Your task = What you return must match the entries exactly, except that the pictures are gone.

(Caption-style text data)

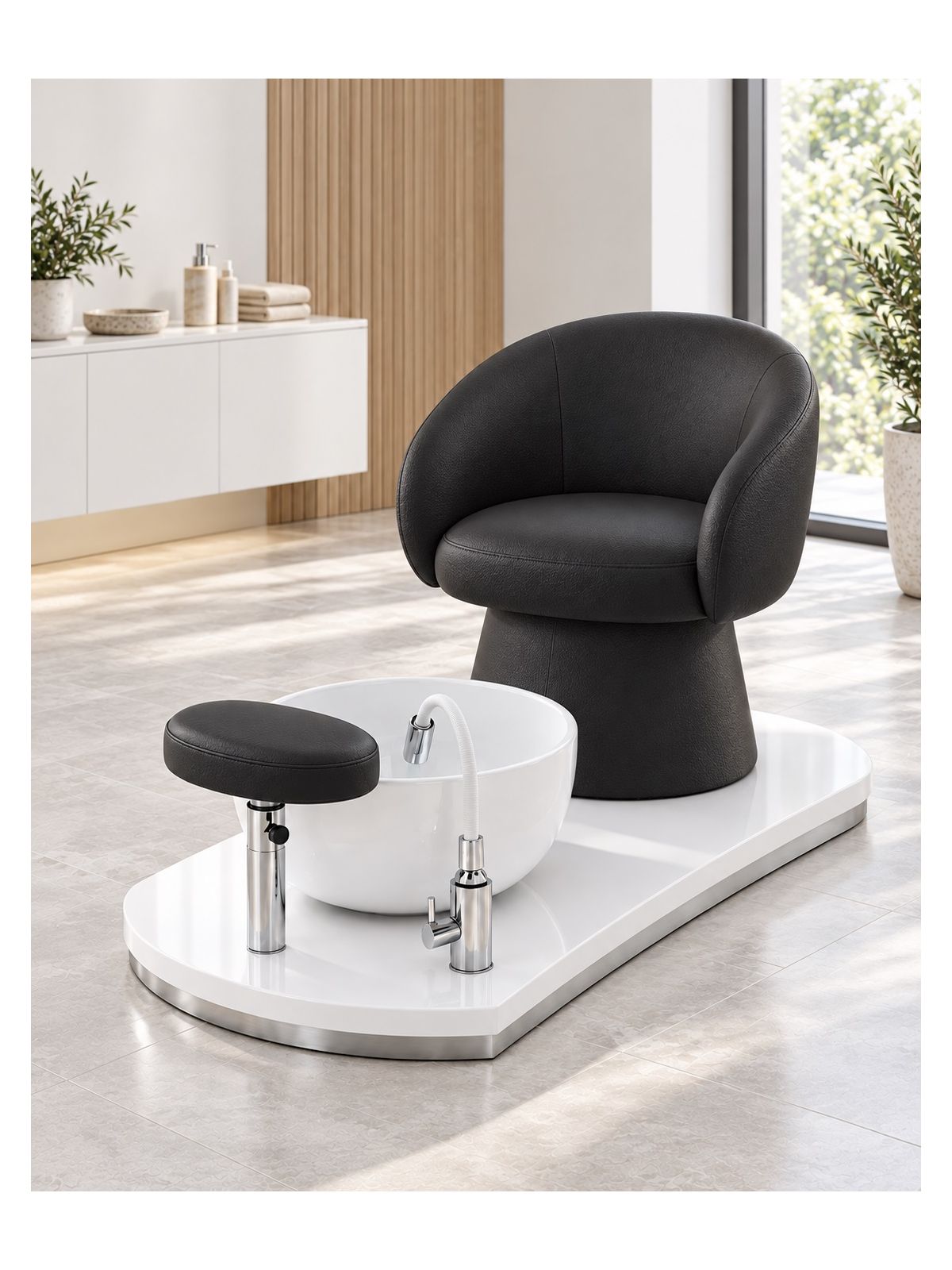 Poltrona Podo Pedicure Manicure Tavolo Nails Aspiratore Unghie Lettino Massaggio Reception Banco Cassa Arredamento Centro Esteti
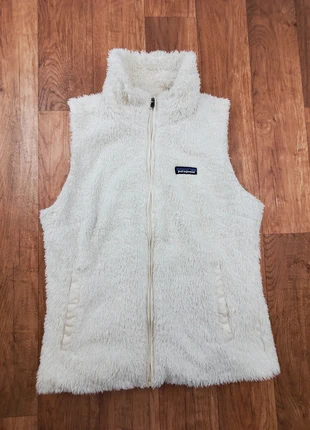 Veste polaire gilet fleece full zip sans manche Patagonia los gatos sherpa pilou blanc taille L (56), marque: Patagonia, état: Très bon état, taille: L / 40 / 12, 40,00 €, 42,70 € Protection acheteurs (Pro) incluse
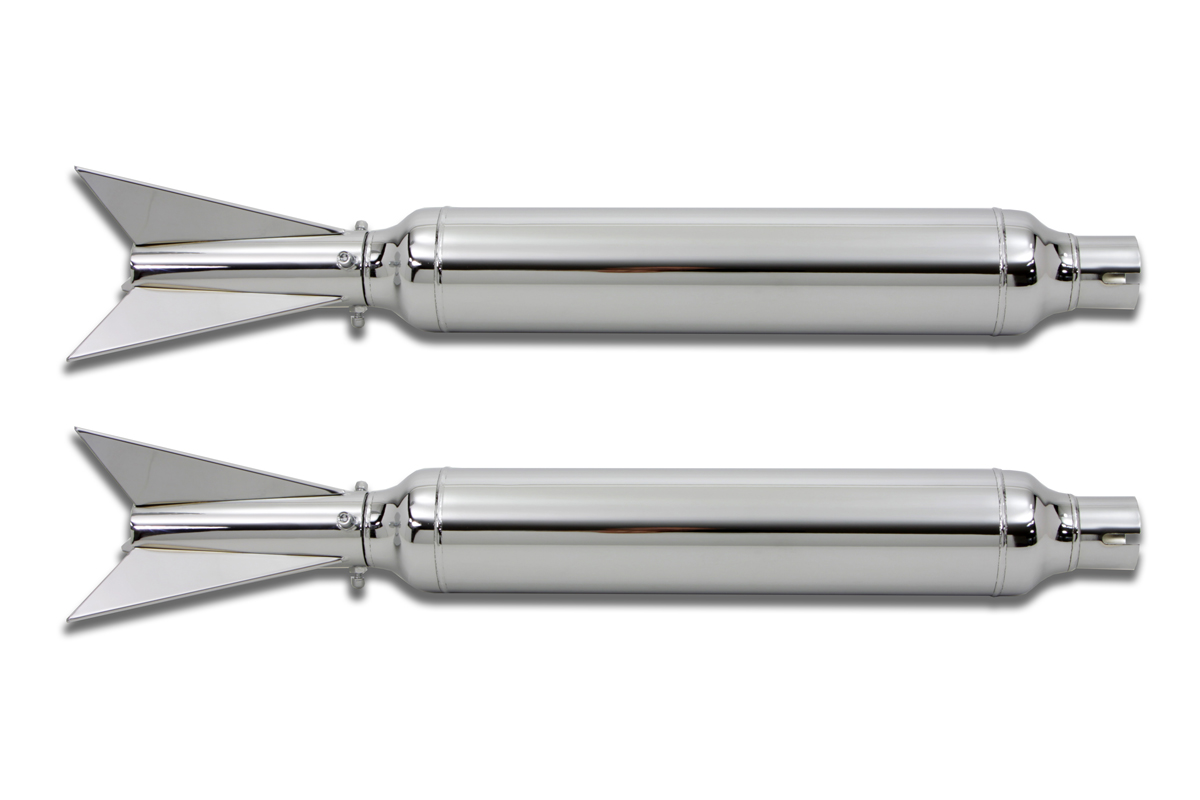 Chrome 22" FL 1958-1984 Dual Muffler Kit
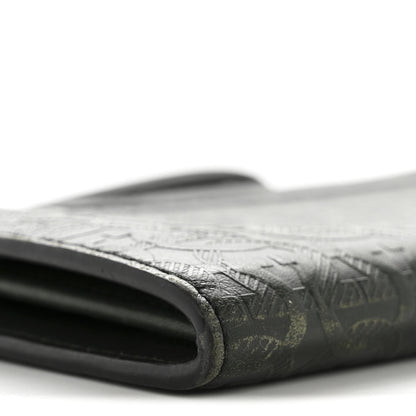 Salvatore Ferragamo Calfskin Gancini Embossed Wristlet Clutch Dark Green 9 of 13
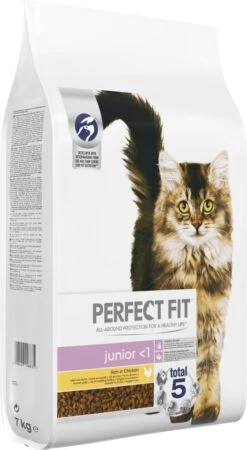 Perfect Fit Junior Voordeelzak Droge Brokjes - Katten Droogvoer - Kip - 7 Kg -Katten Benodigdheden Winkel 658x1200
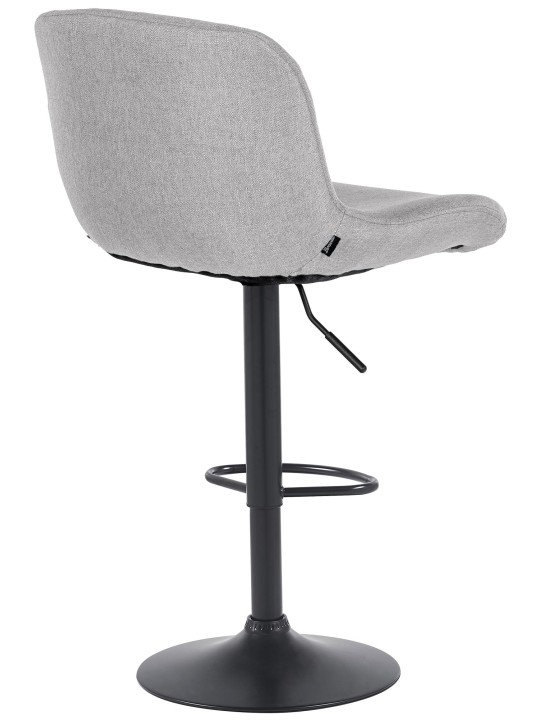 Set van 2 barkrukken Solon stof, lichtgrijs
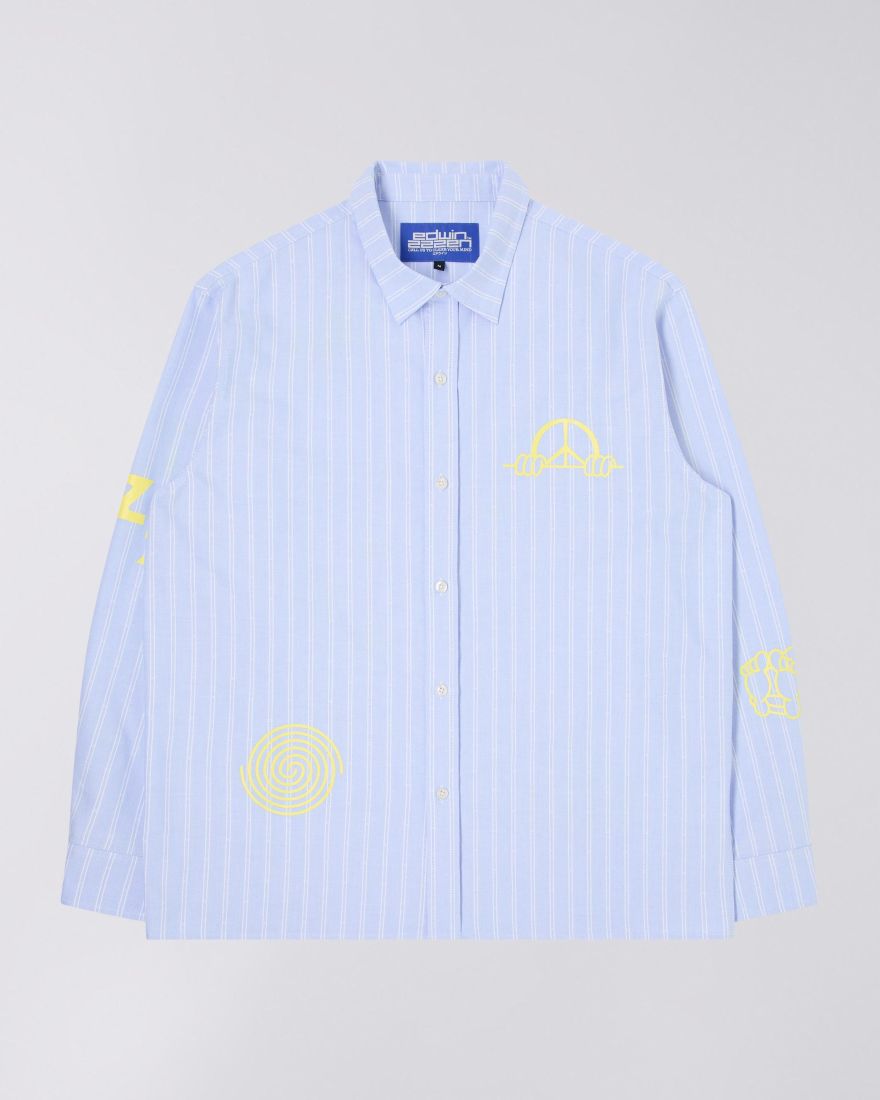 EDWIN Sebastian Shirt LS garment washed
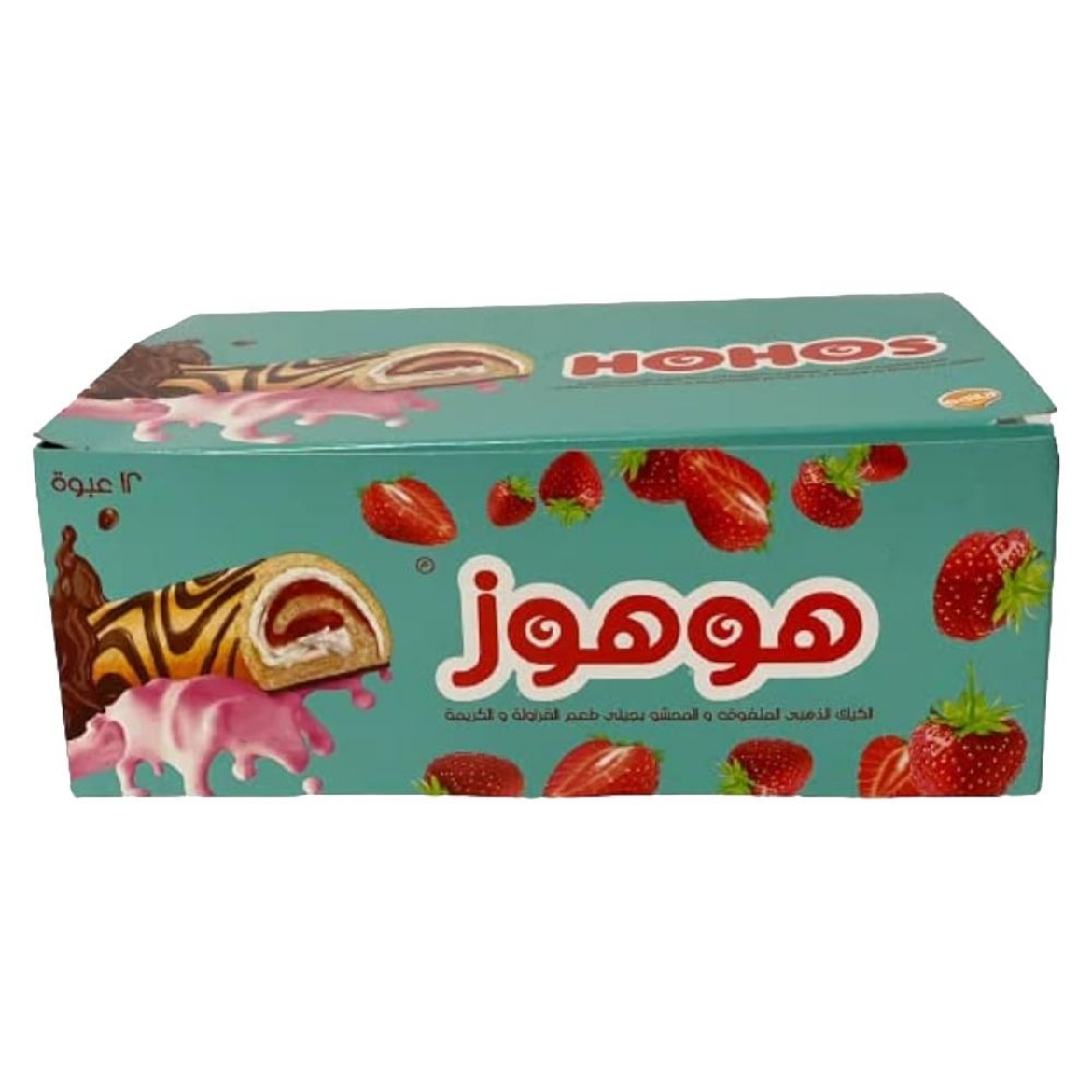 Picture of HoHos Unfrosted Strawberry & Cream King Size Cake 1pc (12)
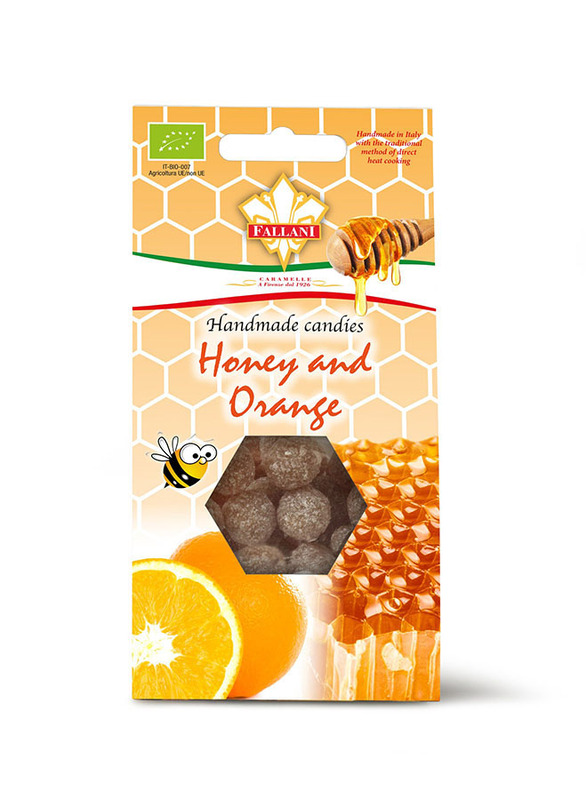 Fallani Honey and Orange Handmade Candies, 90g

Expected answer =
 Poltrona Podo Pedicure Manicure Tavolo Nails Aspiratore Unghie Lettino Massaggio Reception Banco Cassa Arredamento Centro Esteti
 Veste polaire gilet fleece full zip sans manche Patagonia los gatos sherpa pilou blanc taille L (56), marque: Patagonia, état: Très bon état, taille: L / 40 / 12, 40,00 €, 42,70 € Protection acheteurs (Pro) incluse
 Chrome 22" FL 1958-1984 Dual Muffler Kit
 Salvatore Ferragamo Calfskin Gancini Embossed Wristlet Clutch Dark Green 9 of 13
 Perfect Fit Junior Voordeelzak Droge Brokjes - Katten Droogvoer - Kip - 7 Kg -Katten Benodigdheden Winkel 658x1200
 Set van 2 barkrukken Solon stof, lichtgrijs
 EDWIN Sebastian Shirt LS garment washed
 Picture of HoHos Unfrosted Strawberry & Cream King Size Cake 1pc (12)
 Fallani Honey and Orange Handmade Candies, 90g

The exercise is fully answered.